_Data supplied_:
+---+
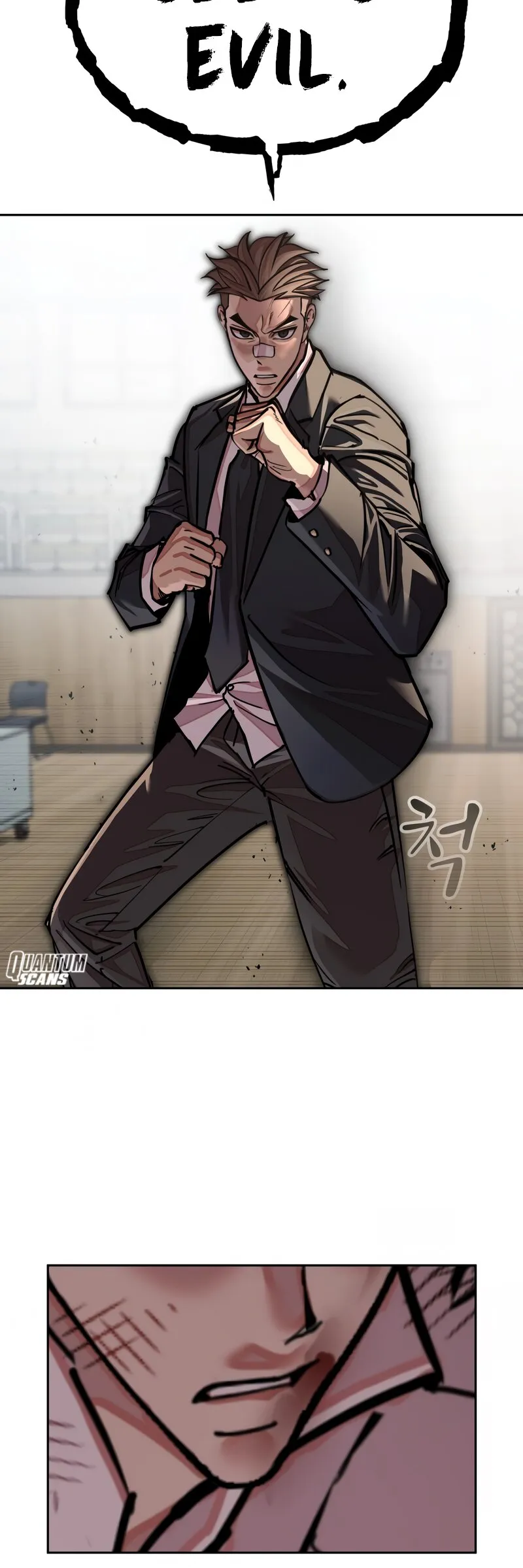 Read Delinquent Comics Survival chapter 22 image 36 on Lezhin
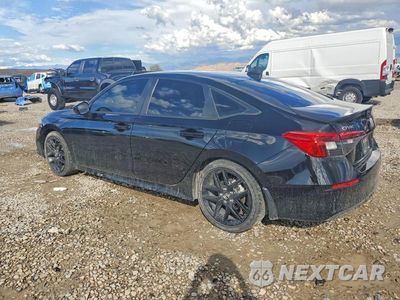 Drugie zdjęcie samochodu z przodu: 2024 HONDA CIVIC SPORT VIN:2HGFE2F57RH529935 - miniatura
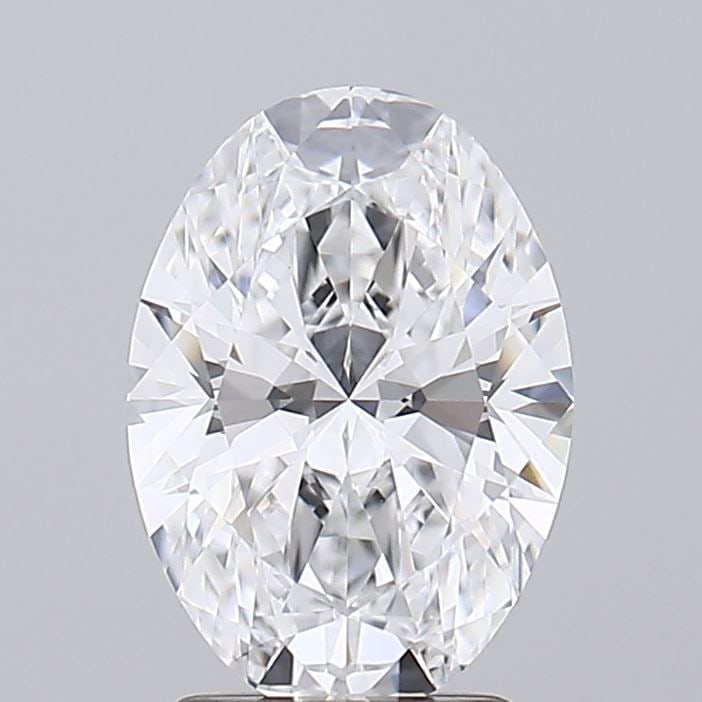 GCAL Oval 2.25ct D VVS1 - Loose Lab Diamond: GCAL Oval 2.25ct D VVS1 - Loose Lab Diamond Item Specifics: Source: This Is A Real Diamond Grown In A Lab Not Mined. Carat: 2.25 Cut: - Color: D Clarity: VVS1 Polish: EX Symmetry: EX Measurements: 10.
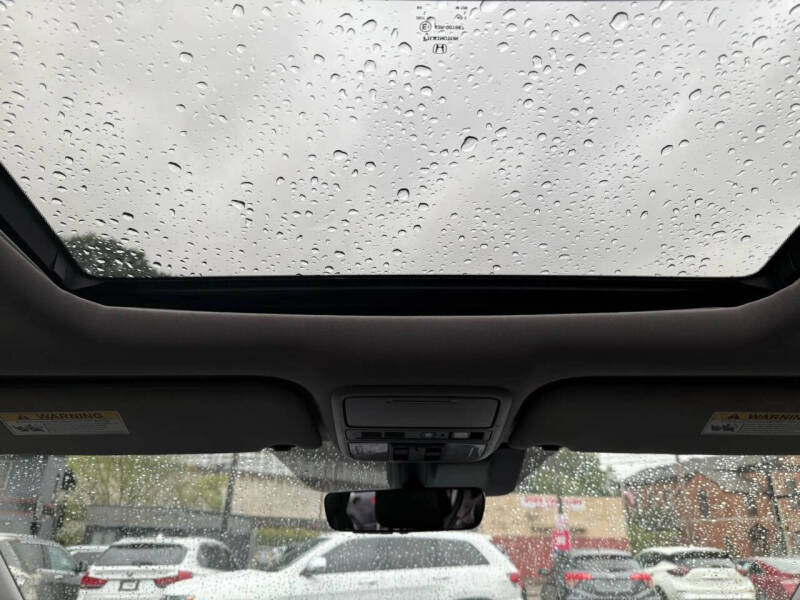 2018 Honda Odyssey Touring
+---+
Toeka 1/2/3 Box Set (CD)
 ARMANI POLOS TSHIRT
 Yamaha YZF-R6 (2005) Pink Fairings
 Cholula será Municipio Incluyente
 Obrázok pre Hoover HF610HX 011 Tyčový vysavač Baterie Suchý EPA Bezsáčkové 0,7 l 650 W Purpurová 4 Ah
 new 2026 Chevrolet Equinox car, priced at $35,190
+---+
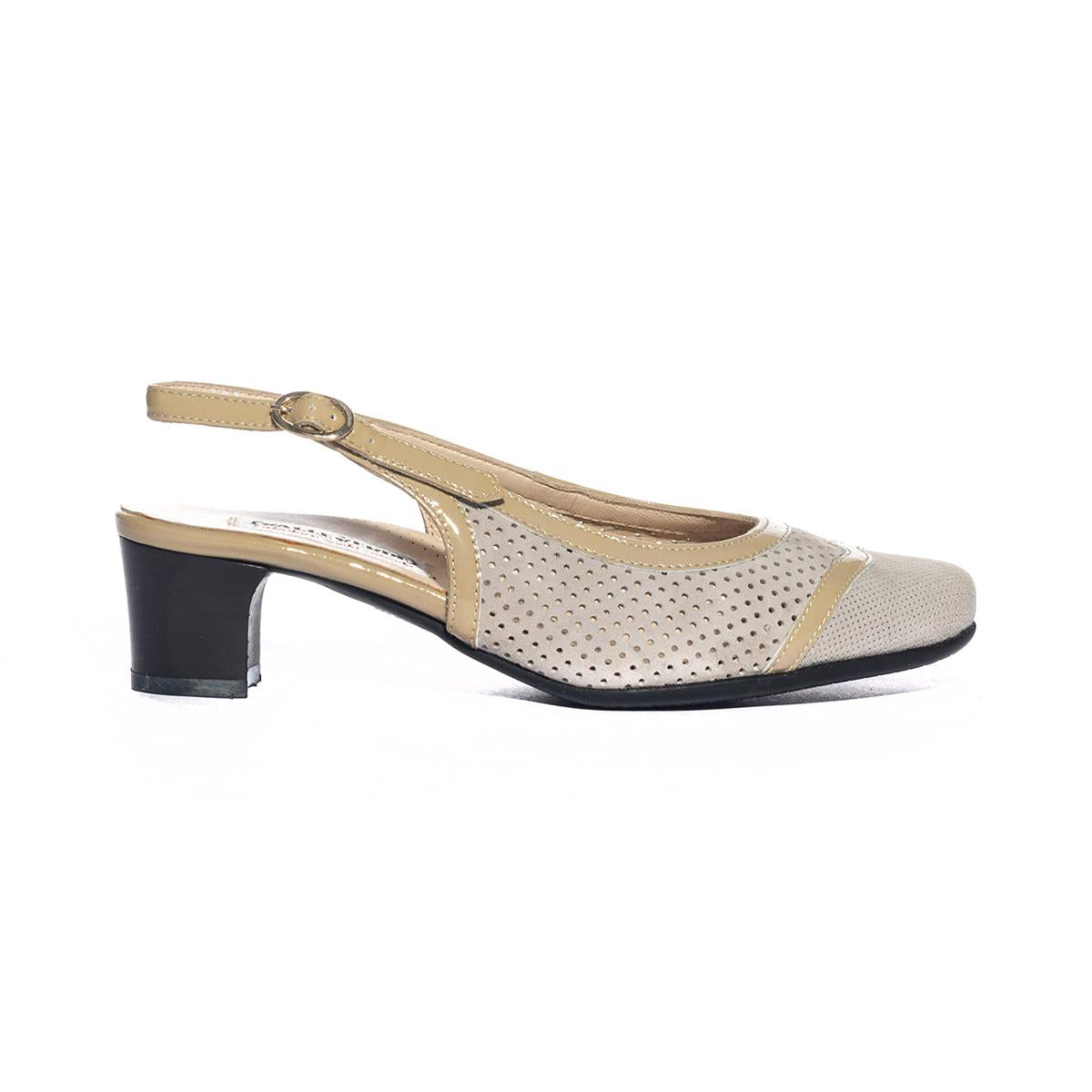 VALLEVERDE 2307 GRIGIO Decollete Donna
+---+
_Exercise details_:
Return only the part of the records above that opens with the line containing "ARMANI POLOS TSHIRT" and closes with the line containing "new 2026 Chevrolet", ends included.

_Problem solution_:
 ARMANI POLOS TSHIRT
 Yamaha YZF-R6 (2005) Pink Fairings
 Cholula será Municipio Incluyente
 Obrázok pre Hoover HF610HX 011 Tyčový vysavač Baterie Suchý EPA Bezsáčkové 0,7 l 650 W Purpurová 4 Ah
 new 2026 Chevrolet Equinox car, priced at $35,190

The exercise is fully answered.